The best way to learn physics is practise, practise, and practise. You need to check whether you understood all the concepts or not, therefore, try to think logically and correlate your questions with real life situations. I saw in this web-page some ideas for learning physics and other technical courses. In summary, these are some points to take it into account:

1. Never miss a class. Ever. Although you do not believe it, you can learn physics with lectures.
2. Never fail to do every problem of every assignment.
3. If you are required to hand in problem solutions, do the problem twice. The first version should go in your own notebook, along with all the failed attempts. The second should be a copy to hand in.
4. Always prepare for each class. That means have a look at what is coming up in the text or notes after you have done the assignments. Check the guide of the subject.
5. Write out your work for every problem clearly. Show every step, even if your phone mobile has 1 Gb of memory.
6. Do not ever try to erase your mistakes, just cross out with a single line.
7. Always draw a picture for each problem and label it clearly.
8. To study for tests, do problems. Write down any formulas each time you use them and you will know them by heart without any further effort.
9. Always ask for help, but make sure that you have done your part before you go to the teacher. This means that you must work out the offending problem neatly up to the point where you lose the trail.

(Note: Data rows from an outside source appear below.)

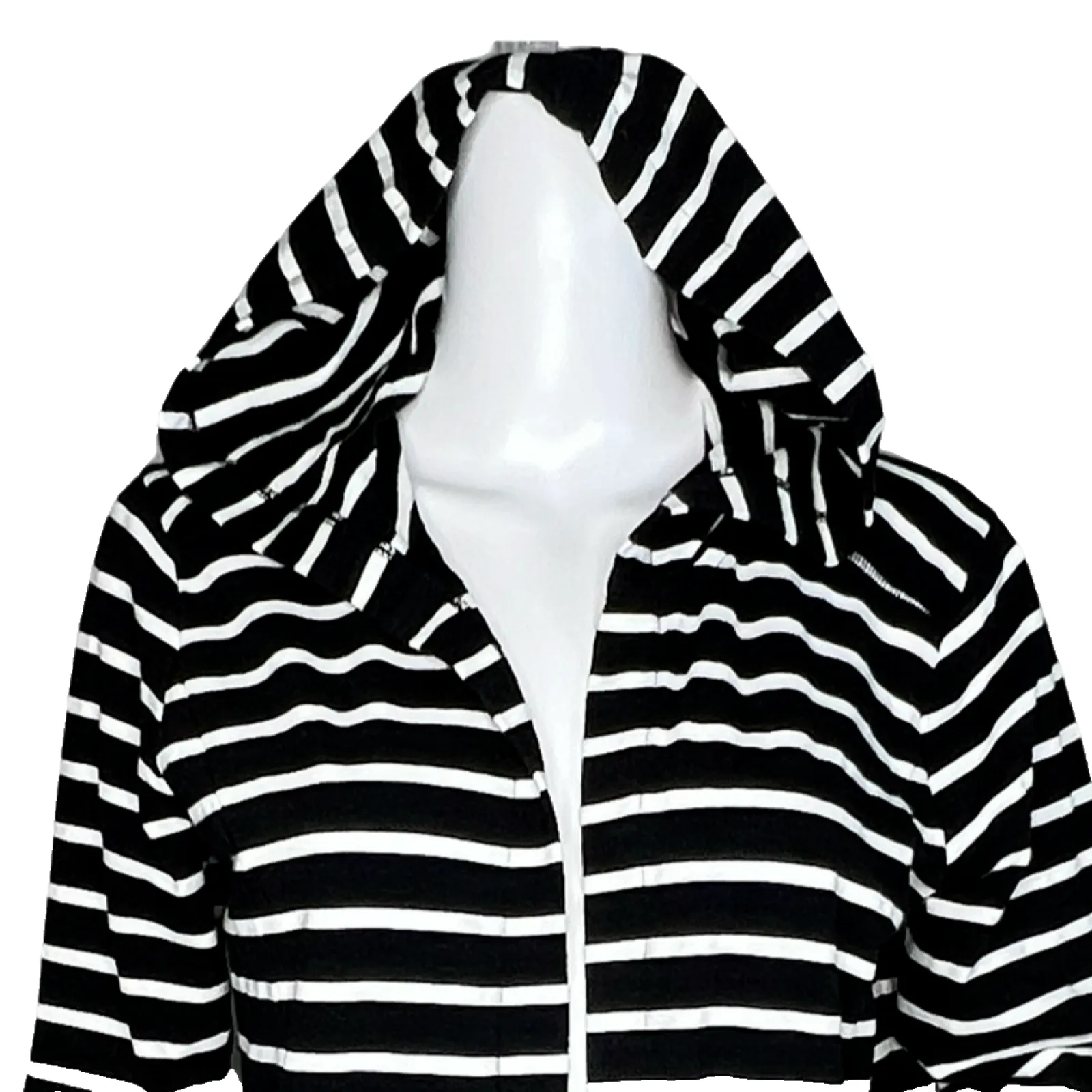 Talbots Sweater Womens‎ Small Black White Striped Hooded Open Cardigan Casual - Image 5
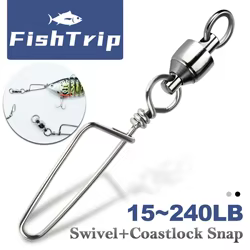 FishTrip pesca giratoria Snap Coastlock Snap rodamiento de bolas giratorio de acero inoxidable 20 ~ 100 paquete conector de pesca en el mar aparejos terminales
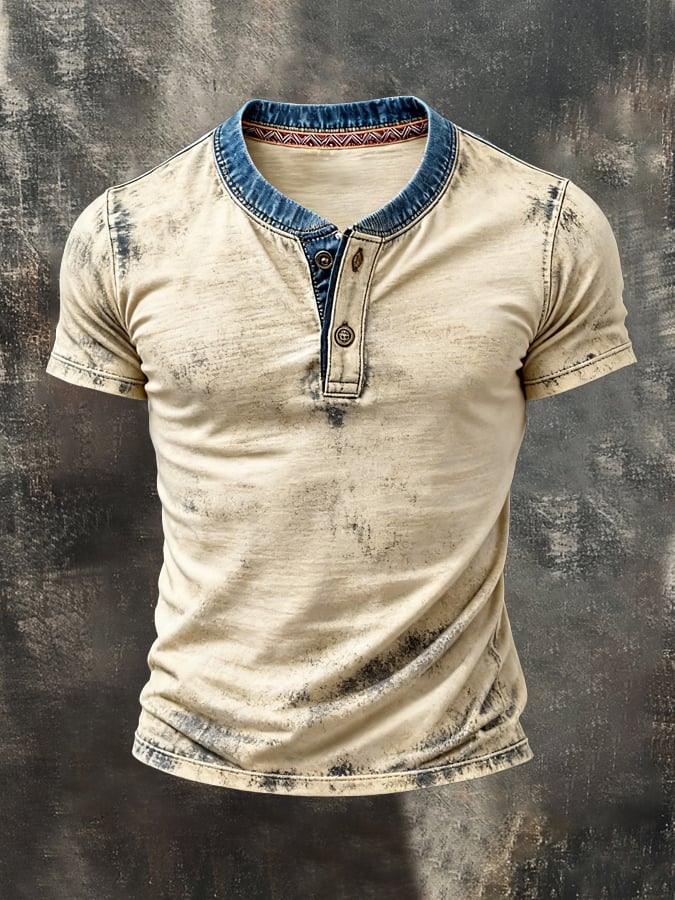 Men'S Retro Pure Cotton Washed Distressed Color-Blocked Henley Collar Short-Sleeve Top
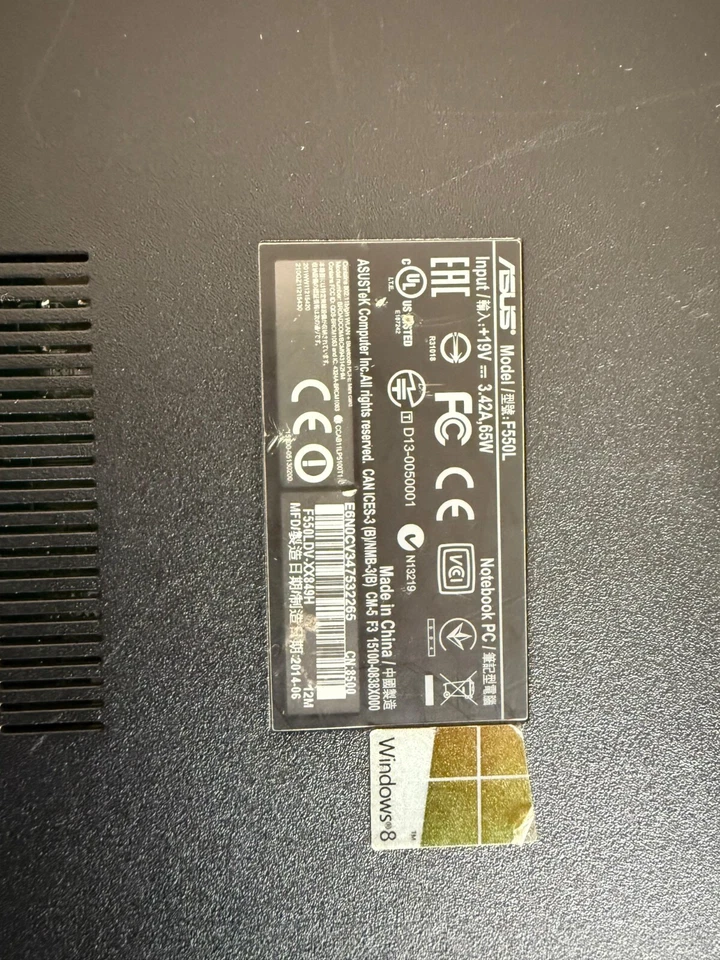 Notebook ASUS F550l PC Portatile - Hd 1 TB - 12 Gb RAM - Batteria Nuova - Immagine 2 di 2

10. All that really ever works is to review and to practise solving problems.
11. Learn to draw a good graph, properly labelled and scaled.
12. Always do your own work, especially in laboratory settings. That means preparing your own report on your own, even if the data was collected by someone else.
13. Always prepare for the laboratory: know what you are going to do and how you are going to do it.
14. Last but not least, it is important in your career to demonstrate your integrity as a student and as a person. A reputation for honesty will serve you far better than any course grade. It is incredible, isn’t?!!!!